Speaking of the battle of the sexes, I remember the old brick taverns and poolrooms in Lawrence where no women were allowed- or their presence discouraged. The old timers that ran things then believed that women in men’s bars were trouble. The rationale was that men’s behavior changed in the presence of even a single woman. Men who could be congenial and peaceable in each other’s company felt competitive or conflicted when women were around.  Of course we’re not talking about nightclubs or supper clubs, but neighborhood saloons were men would meet to drink boilermakers, smoke stogies, and talk sports and politics. (Who could forget the old Rocky Club off  Jackson St. with its outdoor boxing ring? Or Kelly and Driscoll’s Tavern in Haverhill? And scores of other men’s bars?)

Since colonial times the saloon was an almost exclusively male environment.  But after prohibition, tavern owners, realizing a new market for women-who were coming to equate drinking  with self-liberation- would partition off a room out back  with a separate “ladies’ entrance” where women could drink without being hassled by men trying to hit on them. Sometimes a sign at a back entrance would discretely beckon, “Ladies and Escorts Only.”  This curious system lasted in Lawrence into the early 1960’s.

            I miss the old men’s taverns. If my viewpoint is politically incorrect, so is that of women who go to gyms with names like “Women’s World” “ A Woman’s Place” etc., where women can work out without men ogling them.  I like and respect women, especially my wife who is beautiful, patient, intelligent, and my best friend. But all men need to be away from women from time to time. In other societies, such places do indeed exist, and  women are not offended about it. Moreover, women create spaces for themselves, like the Turkish bath for instance, an entrenched  institution within the rigid social structure of the Moslem world.  Such spaces need not imply a denigration of either sex, but an affirmation of differences, which can be healthy.

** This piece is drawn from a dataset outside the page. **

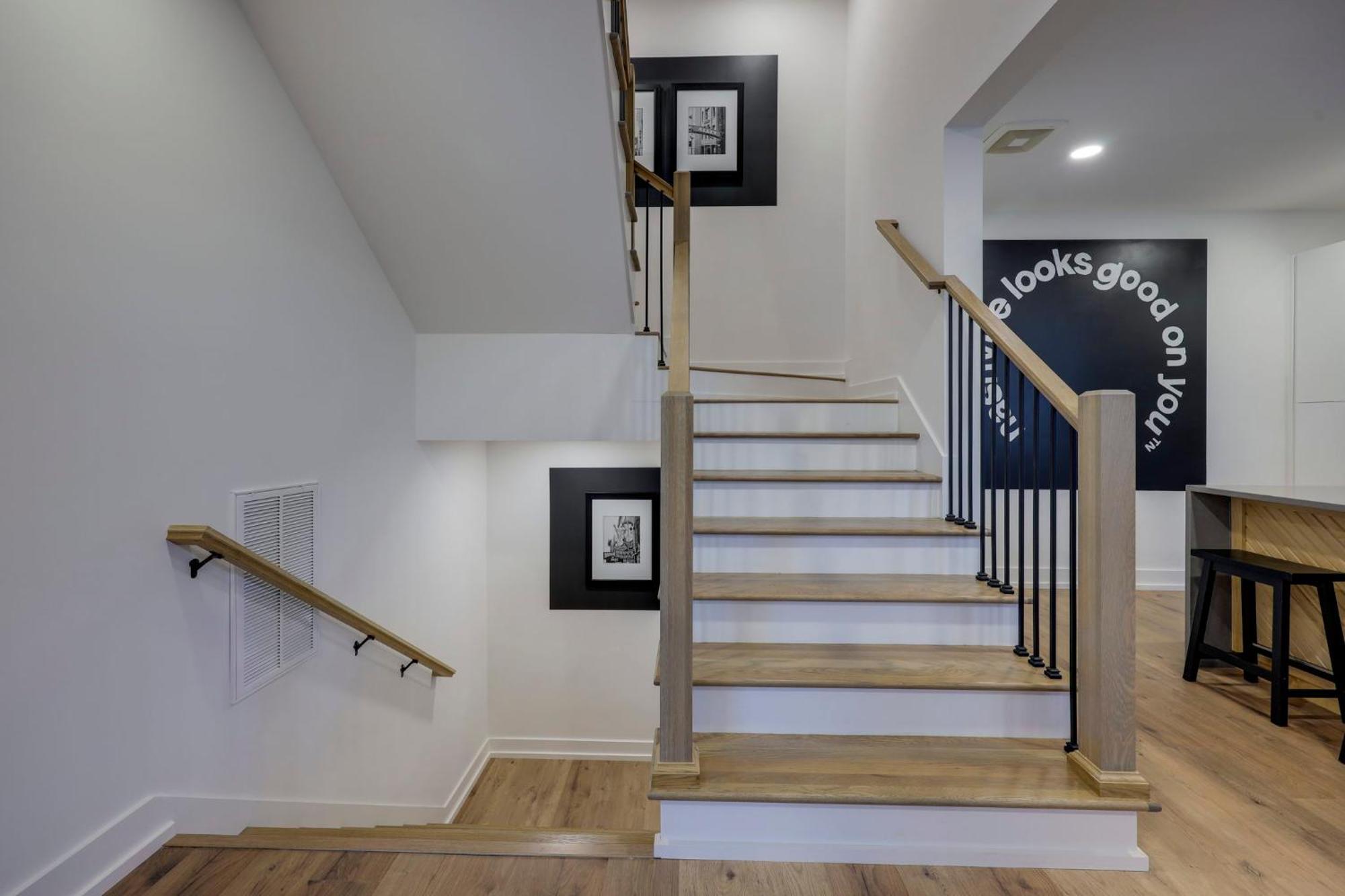 Skyline Luxury Rooftop Deck- King Suites- Garage Holiday home *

Some people don’t get it. They spend their money on John Gray’s books to ascertain that men are different from women. As if this were an earthshaking revelation. Or they entertain “gender theorists” and postmodern intellectuals who pontificate that all sex differences are social constructs and therefore acquired.  However, I offer irrefutable proof that men are inherently different from women. To prove my claim, just ask yourself these questions: What man -if he were not living with a woman- would ever buy a floral-patterned fabric cover for a toaster? What bachelor would ever buy two sets of towels- one never to be used, but only for show? Can you imagine Ernest Hemmingway or Humphrey Bogart with two sets of towels? General George Patton worrying about color coordination of wallpaper?  I rest my case. As a culture, we argue about things that a hundred years ago people learned effortlessly from observing what nature brought forth in the henhouse, the barnyard and the cow pasture.